◆ TRY IT:
Those lines of the material below that fall between its first line and the line with "Da'gat: Every Ending", both included, are to be repeated exactly.

◆ AVAILABLE DATA:

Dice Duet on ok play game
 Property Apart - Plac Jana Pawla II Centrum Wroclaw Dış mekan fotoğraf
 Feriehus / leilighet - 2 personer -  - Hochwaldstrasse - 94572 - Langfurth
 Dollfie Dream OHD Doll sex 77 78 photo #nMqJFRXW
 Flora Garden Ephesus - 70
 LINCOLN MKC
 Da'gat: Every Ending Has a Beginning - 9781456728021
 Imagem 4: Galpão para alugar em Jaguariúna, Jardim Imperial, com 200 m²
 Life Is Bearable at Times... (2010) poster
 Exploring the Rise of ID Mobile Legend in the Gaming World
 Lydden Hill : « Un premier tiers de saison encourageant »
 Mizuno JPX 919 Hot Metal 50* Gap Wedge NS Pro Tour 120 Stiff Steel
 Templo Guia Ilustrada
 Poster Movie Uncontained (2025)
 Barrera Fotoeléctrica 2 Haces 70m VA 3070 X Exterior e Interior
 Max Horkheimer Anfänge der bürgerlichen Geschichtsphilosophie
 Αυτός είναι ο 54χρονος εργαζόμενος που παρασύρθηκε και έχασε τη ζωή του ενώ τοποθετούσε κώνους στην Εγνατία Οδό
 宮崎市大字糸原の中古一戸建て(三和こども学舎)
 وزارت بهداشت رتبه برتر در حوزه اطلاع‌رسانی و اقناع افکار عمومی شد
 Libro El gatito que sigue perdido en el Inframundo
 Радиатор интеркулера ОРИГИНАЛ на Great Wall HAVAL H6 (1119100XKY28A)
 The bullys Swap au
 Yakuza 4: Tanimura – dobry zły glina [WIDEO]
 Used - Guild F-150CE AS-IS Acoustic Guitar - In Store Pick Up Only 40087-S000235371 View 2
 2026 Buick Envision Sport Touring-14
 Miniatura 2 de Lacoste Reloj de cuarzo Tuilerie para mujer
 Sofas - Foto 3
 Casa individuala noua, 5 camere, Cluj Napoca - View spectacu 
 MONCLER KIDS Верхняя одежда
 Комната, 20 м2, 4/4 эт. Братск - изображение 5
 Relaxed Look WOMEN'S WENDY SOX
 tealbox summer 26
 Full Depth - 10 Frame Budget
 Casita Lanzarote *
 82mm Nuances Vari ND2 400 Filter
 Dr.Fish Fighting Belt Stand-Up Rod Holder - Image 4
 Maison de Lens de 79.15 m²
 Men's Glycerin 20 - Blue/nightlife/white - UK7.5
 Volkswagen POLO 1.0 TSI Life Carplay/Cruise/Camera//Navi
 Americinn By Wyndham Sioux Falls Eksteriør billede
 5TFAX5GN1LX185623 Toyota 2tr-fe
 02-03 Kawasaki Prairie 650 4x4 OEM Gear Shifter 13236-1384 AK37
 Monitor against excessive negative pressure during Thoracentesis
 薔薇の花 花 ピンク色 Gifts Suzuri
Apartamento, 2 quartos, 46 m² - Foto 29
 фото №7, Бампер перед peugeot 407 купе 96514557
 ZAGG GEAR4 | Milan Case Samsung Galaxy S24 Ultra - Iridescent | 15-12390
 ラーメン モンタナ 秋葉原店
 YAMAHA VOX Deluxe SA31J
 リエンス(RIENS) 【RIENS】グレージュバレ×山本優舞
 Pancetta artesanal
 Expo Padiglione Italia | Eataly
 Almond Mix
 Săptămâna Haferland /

◆ SOLVED PROBLEM:
Dice Duet on ok play game
 Property Apart - Plac Jana Pawla II Centrum Wroclaw Dış mekan fotoğraf
 Feriehus / leilighet - 2 personer -  - Hochwaldstrasse - 94572 - Langfurth
 Dollfie Dream OHD Doll sex 77 78 photo #nMqJFRXW
 Flora Garden Ephesus - 70
 LINCOLN MKC
 Da'gat: Every Ending Has a Beginning - 9781456728021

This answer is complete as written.